The Notre-Dame Cathedral held its first mass on Saturday after a fire burned through its famed roof and iconic spire exactly two months ago to the day.
The service was small with only about 30 total people allowed into the building. One more out of the ordinary feature of the typically grand Parisian church’s mass: the archbishop of Paris wore a white, hard hat instead of his traditional miter, NPR reported.
The mass was closed to the public for security and safety reasons — each attendee was required to wear a safety hat as well — so the archbishop was joined by fellow clergy members and people working on the site. The church itself is still in a “fragile state,” according to France’s Culture Minister Franck Riester, and the partially damaged vault, in particular, is not fully secured and could possibly still collapse.
Rehabilitation teams are currently using robots to remove some debris from such delicate and unsound areas of the cathedral and until it is all cleared away, the vault will not be able to be fully inspected.
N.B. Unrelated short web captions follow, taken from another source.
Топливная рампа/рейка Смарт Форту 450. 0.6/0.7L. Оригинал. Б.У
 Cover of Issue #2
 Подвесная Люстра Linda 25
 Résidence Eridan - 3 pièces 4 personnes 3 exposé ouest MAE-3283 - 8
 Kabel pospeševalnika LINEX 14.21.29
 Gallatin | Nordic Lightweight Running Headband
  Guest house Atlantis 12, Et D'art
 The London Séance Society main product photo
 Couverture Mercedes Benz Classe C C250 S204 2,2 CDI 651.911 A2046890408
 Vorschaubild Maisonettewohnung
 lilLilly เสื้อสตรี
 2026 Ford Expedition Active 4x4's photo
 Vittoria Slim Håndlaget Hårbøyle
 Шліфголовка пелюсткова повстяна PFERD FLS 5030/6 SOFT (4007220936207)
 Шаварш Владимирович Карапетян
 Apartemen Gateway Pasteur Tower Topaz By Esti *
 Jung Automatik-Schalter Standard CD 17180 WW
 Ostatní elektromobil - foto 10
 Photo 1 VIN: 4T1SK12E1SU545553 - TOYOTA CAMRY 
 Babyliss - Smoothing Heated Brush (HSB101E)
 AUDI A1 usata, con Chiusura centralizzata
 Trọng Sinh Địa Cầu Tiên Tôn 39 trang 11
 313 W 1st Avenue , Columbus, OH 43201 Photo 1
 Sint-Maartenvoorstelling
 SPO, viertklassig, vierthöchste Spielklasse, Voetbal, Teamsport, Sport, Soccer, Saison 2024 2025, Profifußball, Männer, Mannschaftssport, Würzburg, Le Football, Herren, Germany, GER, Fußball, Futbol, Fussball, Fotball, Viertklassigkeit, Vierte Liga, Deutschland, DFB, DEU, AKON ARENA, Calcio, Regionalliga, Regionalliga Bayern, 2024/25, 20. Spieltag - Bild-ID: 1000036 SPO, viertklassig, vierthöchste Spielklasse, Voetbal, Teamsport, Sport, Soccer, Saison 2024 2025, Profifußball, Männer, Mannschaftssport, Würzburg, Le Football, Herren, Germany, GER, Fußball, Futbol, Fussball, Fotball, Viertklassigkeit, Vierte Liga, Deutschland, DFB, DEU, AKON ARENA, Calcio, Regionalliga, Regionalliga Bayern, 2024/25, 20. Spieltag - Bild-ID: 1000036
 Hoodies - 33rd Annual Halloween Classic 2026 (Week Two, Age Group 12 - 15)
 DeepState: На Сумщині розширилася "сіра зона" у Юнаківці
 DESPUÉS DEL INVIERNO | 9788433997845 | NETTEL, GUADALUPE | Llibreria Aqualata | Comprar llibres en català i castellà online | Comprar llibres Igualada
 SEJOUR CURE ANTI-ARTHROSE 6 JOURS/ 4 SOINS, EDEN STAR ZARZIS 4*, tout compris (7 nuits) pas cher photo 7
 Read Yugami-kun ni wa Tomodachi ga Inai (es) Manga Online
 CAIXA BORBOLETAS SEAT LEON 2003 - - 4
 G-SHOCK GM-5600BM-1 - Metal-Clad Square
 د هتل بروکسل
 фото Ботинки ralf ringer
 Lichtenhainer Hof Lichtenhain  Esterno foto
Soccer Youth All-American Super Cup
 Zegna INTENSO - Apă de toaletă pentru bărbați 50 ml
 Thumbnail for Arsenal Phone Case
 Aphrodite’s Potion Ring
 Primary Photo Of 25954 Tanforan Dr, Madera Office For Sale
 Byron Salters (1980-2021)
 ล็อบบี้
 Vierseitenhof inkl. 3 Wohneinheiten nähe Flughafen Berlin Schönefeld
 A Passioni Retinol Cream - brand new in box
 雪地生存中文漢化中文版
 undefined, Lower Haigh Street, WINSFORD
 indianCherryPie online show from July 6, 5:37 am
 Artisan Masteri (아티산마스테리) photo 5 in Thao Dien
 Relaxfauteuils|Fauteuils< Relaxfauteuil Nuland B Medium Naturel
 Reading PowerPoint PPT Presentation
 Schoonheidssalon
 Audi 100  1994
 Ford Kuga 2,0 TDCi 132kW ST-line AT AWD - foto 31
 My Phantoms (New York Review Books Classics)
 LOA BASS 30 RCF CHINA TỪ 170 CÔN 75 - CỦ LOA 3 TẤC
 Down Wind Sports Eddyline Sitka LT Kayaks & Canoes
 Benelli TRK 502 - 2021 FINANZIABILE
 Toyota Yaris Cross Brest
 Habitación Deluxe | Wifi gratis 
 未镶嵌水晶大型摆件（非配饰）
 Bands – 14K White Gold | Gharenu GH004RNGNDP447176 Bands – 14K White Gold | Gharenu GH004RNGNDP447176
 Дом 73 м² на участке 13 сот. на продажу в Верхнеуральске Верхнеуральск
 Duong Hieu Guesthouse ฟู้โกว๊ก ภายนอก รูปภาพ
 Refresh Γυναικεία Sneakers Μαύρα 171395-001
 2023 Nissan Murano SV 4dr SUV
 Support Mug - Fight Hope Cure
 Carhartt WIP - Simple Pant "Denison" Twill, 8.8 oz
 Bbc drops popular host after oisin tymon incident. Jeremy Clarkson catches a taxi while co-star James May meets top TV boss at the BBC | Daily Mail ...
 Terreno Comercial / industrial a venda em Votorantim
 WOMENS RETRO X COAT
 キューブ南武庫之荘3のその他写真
It is known, however, and proclaimed as rather “miraculous,” as deputy director at the Research Laboratory of Historic Monuments, Thierry Zimmer, put it, that none of the process art inside the church was ruined.
Archbishop Michel Aupetit said in his homily that the more than 850-year-old structure is “the fruit of human genius, a masterpiece of man,” that is appreciated by all humankind, not just the world’s Catholics and Christians.